Antes de partir fui a casa de todos los amigos que pude visitar y en el club mantuve una interesante conversación con el Dr. Scrivenor, hombre de ciencia que había viajado por los puntos más altos de la cordillera y acompañado a Mr. Pentland en varias de sus exploraciones por las montañas de Perú y Bolivia. En una de ellas habían ascendido al pico del Potosí, cuya altura, según medidas tomadas con tedolito y barómetro, y bien verificadas, eran 15.900 pies sobre el mar, barómetro 16 pulgadas y el termómetro 56° Fahr.


Por último, partimos en el Mercey una vez más y tuvimos el viaje más tormentoso de todos cuantos había hecho yo por las costas del Brasil. La rotura de vasos y cacharros de loza fue muy grande, a despecho de todas las precauciones, y el rolido del barco era tan fuerte con el viento huracanado, que la mayoría de las lámparas colgantes se hicieron pedazos contra los techos del salón.

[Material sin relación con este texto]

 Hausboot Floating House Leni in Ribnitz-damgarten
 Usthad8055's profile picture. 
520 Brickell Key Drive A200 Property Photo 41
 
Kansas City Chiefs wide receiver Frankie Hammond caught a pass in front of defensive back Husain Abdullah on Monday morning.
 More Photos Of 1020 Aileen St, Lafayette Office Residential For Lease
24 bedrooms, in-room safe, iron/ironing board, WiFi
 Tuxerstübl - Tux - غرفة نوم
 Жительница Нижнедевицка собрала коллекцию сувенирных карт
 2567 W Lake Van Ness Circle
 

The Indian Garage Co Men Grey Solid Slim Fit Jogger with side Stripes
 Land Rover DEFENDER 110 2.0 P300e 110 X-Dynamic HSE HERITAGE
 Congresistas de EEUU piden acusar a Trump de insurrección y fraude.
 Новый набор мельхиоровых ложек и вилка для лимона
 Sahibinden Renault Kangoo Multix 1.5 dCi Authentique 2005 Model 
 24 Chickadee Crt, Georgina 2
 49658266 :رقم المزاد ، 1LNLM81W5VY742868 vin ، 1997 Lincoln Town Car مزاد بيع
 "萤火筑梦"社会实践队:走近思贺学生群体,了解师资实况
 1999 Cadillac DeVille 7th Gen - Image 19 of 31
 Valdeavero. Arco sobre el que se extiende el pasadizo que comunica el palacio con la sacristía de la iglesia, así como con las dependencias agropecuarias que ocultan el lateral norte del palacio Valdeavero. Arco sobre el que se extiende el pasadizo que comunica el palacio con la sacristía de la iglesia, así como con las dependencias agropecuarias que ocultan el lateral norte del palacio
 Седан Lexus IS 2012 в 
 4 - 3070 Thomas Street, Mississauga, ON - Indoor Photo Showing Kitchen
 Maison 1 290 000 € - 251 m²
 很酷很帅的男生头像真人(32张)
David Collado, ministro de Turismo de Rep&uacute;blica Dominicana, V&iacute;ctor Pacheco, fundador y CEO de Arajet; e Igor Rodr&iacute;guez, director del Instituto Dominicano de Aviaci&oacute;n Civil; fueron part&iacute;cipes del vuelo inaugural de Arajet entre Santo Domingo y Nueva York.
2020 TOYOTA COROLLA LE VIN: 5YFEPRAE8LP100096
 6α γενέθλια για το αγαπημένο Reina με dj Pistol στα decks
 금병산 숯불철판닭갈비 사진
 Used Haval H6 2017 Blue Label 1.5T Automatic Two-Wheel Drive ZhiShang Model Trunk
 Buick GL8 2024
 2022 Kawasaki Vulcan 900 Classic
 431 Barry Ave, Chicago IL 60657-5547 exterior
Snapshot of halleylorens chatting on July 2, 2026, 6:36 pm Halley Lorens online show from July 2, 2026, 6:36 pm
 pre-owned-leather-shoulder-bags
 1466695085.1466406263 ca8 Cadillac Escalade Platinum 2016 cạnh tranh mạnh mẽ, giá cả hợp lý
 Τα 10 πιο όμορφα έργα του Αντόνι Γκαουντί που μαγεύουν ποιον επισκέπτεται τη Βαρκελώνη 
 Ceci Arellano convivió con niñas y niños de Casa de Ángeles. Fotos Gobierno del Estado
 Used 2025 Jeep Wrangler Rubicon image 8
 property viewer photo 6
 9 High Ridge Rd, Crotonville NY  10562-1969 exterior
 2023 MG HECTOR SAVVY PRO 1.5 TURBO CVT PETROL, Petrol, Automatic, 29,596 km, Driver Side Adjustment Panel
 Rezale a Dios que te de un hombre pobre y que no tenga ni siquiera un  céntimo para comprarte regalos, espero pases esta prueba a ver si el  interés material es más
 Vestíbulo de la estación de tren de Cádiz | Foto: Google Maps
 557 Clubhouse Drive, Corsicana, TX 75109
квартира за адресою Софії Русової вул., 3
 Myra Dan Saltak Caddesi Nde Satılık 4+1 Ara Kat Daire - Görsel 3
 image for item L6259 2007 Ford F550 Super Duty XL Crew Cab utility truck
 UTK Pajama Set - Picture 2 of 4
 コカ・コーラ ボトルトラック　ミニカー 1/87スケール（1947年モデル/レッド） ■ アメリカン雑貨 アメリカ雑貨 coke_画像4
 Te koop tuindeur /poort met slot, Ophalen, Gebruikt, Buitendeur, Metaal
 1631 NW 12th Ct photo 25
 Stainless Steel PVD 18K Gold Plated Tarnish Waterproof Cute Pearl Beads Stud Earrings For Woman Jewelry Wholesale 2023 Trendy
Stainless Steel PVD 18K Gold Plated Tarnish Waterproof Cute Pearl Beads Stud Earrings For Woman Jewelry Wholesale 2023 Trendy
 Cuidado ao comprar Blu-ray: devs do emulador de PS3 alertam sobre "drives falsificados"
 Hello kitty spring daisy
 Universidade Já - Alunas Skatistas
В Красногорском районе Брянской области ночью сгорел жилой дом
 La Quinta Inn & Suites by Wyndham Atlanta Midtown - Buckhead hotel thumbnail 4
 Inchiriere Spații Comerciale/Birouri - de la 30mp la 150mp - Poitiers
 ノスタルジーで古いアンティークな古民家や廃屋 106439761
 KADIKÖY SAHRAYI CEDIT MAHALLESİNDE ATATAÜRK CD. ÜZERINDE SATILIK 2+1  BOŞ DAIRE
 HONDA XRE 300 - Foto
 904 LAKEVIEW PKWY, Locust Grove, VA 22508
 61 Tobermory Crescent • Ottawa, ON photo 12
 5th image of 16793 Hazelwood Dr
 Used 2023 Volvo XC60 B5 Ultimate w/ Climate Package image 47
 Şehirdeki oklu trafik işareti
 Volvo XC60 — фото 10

Durante dos días y dos noches fue imposible observar nada de lo que pasaba fuera y el capitán Curlewis encontró buena oportunidad para demostrar su pericia y sus condiciones de marino. La corredera que, arrojada al mar atada con una cuerda, trabajaba sola mediante un tornillo giratorio con un indicador que mostraba el número de revoluciones, se mostró excelente y cuando las tormentosas nubes se disiparon al tercer día por la mañana, lo primero que vimos fue la isla que se encuentra a la entrada de la bahía de Río de Janeiro, bien por encima del bauprés, con lo que quedó demostrado que, a despecho de nubes y corrientes de mar, el poder del cálculo había triunfado. Estábamos exactamente en la buena dirección.


En Río el calor era excesivo. Fuimos trasladados al Tyne bajo el comando del capitán Jellicoe, con quien empezamos nuestro viaje a Europa. Si en Río de Janeiro hacía calor, el calor de Bahía lo superaba en mucho; el maquinista dijo que la temperatura en el mar era de 80° Fahr. Hicimos buena provisión de bananas, naranjas y mangos, así como de varias otras frutas y legumbres. En Pernambuco la provisión fue de ananás, éstos de gran tamaño, que con bananas y vino Mosela, formaron la mejor merienda durante las consecutivas semanas. Un tiempo inmejorable nos acompañó hasta San Vicente y puede decirse hasta Inglaterra, aunque el oleaje era fuerte —el mayor que yo había visto en el océano— debido a las lejanas tormentas de invierno hacia el noroeste. Pero, asimismo, el ondeo era muy amplio y apenas afectaba al movimiento del buque; tanto, que mirándolo desde el puente nos veíamos gradualmente levantados como si subiéramos a lo más alto de una colina y desde allí nos deslizáramos lentamente como hacia un valle sin que una gota de agua salpicara la purpúrea y serena superficie.


Tal fue mi última experiencia del mar, digna conclusión del placer experimentado en un viaje por las esplendorosas tierras de América.